Yardım istiyorlar ama hiç de destek olmuyorlardı. Yalnızdık artık. Yalnızca kendi çevremizde birbirimize yardım edebilirdik. Çocuklar sihirli lambadan bir devin çıkıp zengin olurlarsa açları doyuracaklarını söylüyorlardı. Oysa dün büyük bir fabrika sahibinin çalışanları kadar diğer insanlar için yaptıkları yardımlarının haftada bir gün beş litre süt ile yardım ettiklerini inandırıldıklarını öğrendim. Asgari ücrete devam, zam yerine geçen beş kilo süt, patronun yardım ettiği inancı vermek yeterli. Alanı onlar da daralttı.
İstanbul’da bir ilçede sokakta yaşayan insanlara bir oda ve karınlarını bir öğün doyurmak için gösterdikleri dayanışmaya katılan insan sayısı da azaldı. Şimdi onlar da kaybolma tehlikesi yaşıyorlar. İşte bu yüzden azaldığımızı, kendimize bile yetişemediğimizden umutsuz olduğumuz bir dönem içindeyiz. Değerli yayınevlerinin sayısı azaldı. Yazılanlar insanların beğenilerine göre kaleme alınmış. Bir avuç insan kendi olanakları ölçüsünde üstüne para vererek kitaplarını bastırabilmekte. Okurlar kafalarını dağıtacak, uyku getirecek kitaplara yöneldi, diye de düşünmüyor değilim hani. Fuarda, erkek çocukların kitap okumayı sevmediklerini öğrendim. Üzüldüm. Bir zamanlar çok değerli olan sevgi, saygı, dayanışma, birlikte olmak çok önemliydi. Ya şimdi? Hiçbir geziye gitmediği halde kaybolma korkusu taşıyan çocuklar var. Korku kültürü hızla gelişiyor. Fantastik kitaplar artık derinlikli olmamaya başladı. Alt metin korku ve itaat üzerine. Böyle yapmazsan şunlar başına gelir, diye korkutuyorlar. Cesaret yok. Ebeveynler bile çocuklarını korumak için her şeyden uzak tutmaya çalışıyor. Çıkış yolunu her şeyden uzaklaştırmakta buluyorlar. İşe başlamadan önce emekli olmayı özleyen gençler var. Çalışarak ellerinden bir şey gelmeyeceğini bildikleri için çalışmayan, üniversiteye gitmek istemeyen gençler var. Evden çıkmadan yaşayan, tüketim yapmayan gençler… Çalışsalar da bir şey yapamayacaklarını düşünüyorlar. Üst düzeyde çalışan insanların arasına giremeyeceklerini, asgari ücrete talim edeceklerini biliyor gençler ama ebeveynler bildikleri halde bilmezden geliyor. Çocuklar, gençler, ebeveynler… Herkes susmayı tercih ediyor. Sendikalı olmaktan korkan insanların sayısı hızla büyüyor. Bir avuç insan da hâlâ onlar için mücadele ediyor. Yalnızlar. Onlar yürüdükçe gaz veriyorlar, hapse atılıyorlar, dövülüyorlar derken onları engellemek için yasaklar artıyor, yeni yasalar çıkıyor.

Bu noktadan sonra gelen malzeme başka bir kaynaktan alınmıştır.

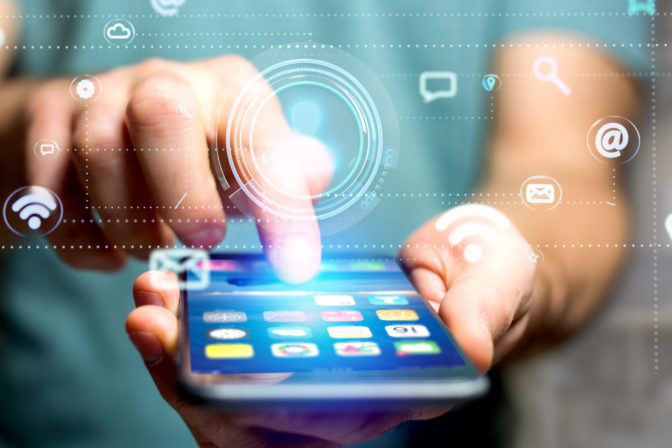 Businessman using a smartphone with a Contact icon surrounding by app and social icon - 3d render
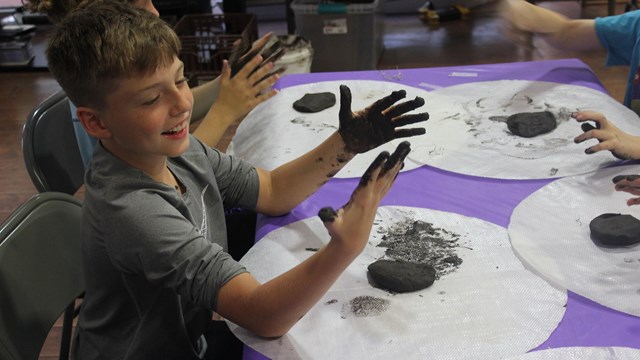 A boy looks at his hands covered in dark mud and smiles.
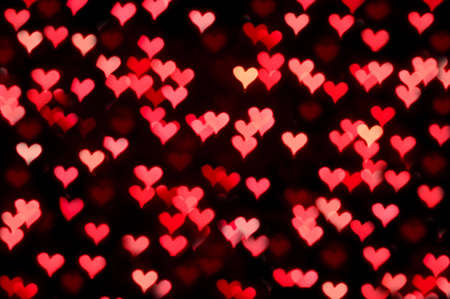 Floating red and pink bokeh heartsの写真素材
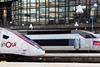 Two SNCF TGV inOui high-speed trains side by side at a station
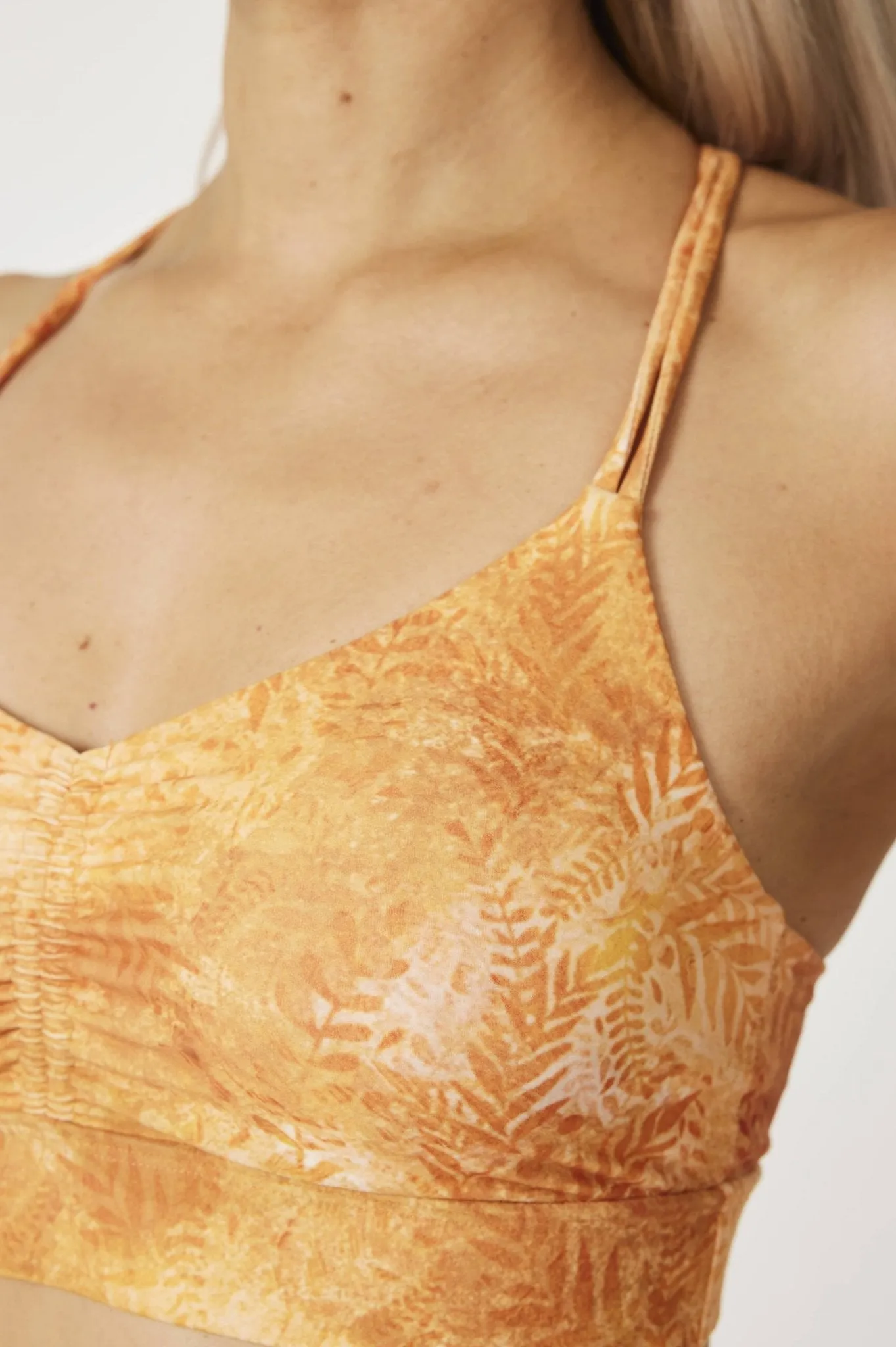 Sunset Flow Women’s Strappy Back Sports Bra – Lightweight Support with Marble Tie-Dye Print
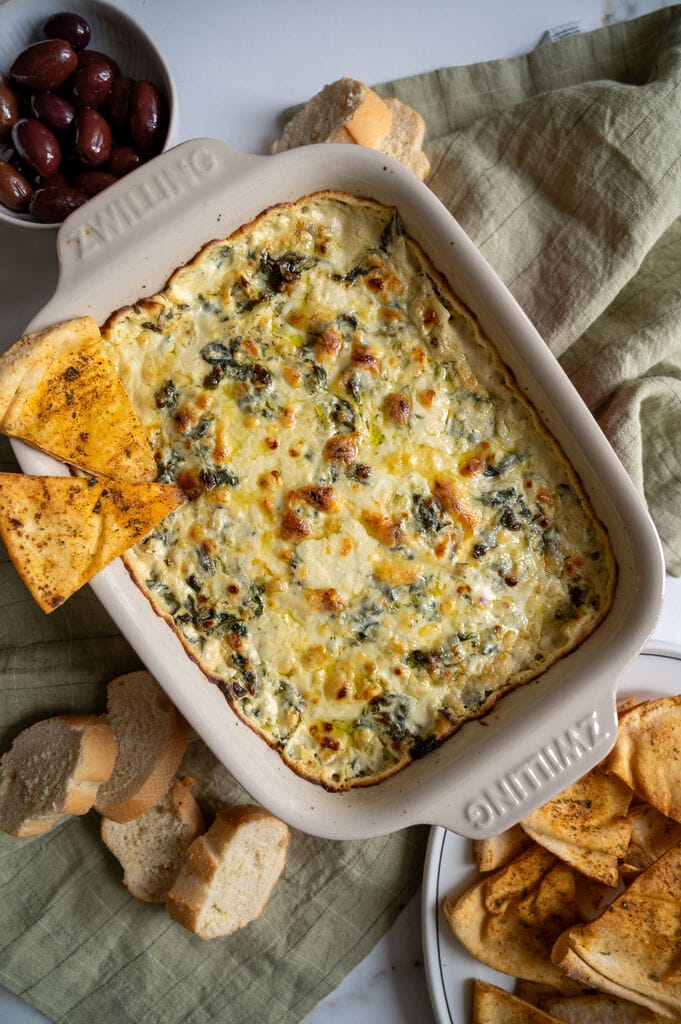 Baked spanakopita dip in a white casserole dish, with 2 baked pita chips on it.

Arkası yarın gibi olabilir.
Eme ile Karadut’u sevdim. Sarıldım, kalp atışlarını mırıltılarını dinledim. Oyuncaklar onların verdiği sevgiyi veremediklerine inanıyor. İnanıyordum ki insanlar artık bunu öğrenmeden yaşayacaklar. Deneyimleyecekleri bir doğa parçası kalmayacak. Kavramların içi boşaltıldı. Sevgi nedir? Dostluk nedir? Kime dost denir? Hayvanlar dostumuz olabilir mi? Çocuklar yaşlılarla dost olabilir mi? Dostluk nerede biter? Dostlukta yapılan özverilerden karşılık beklenir mı? Yardımların karşılığı olmalı mı? Karşılığını almayı düşünerek mi yardım edilir?
Denizanası dostumuz mu?
Her şey bu sorularla başlamadı mı zaten? Okula başlamadan önce çocuklar korkusuzca hayvanları, böcekleri sever. Dokunurlar, onlarla konuşurlar. Büyüdükçe yaşıtlarıyla dost olabileceklerine inanıyorlar. Dostluğun ne olduğunu ve dost kime denir derken, içini boşaltıp yeni bir tanım oluşturmuş durumda. Sevginin, aşkın içi boşaltılmış. Karşılıklı konuşup çözüm aramak yerine, kendi kendine kurguluyor çoğu insan. Ben kurguyu, çocuk öykülerimde yapıyorum. İnsanların söylediklerinin doğru olduğuna inanıyorum saf saf.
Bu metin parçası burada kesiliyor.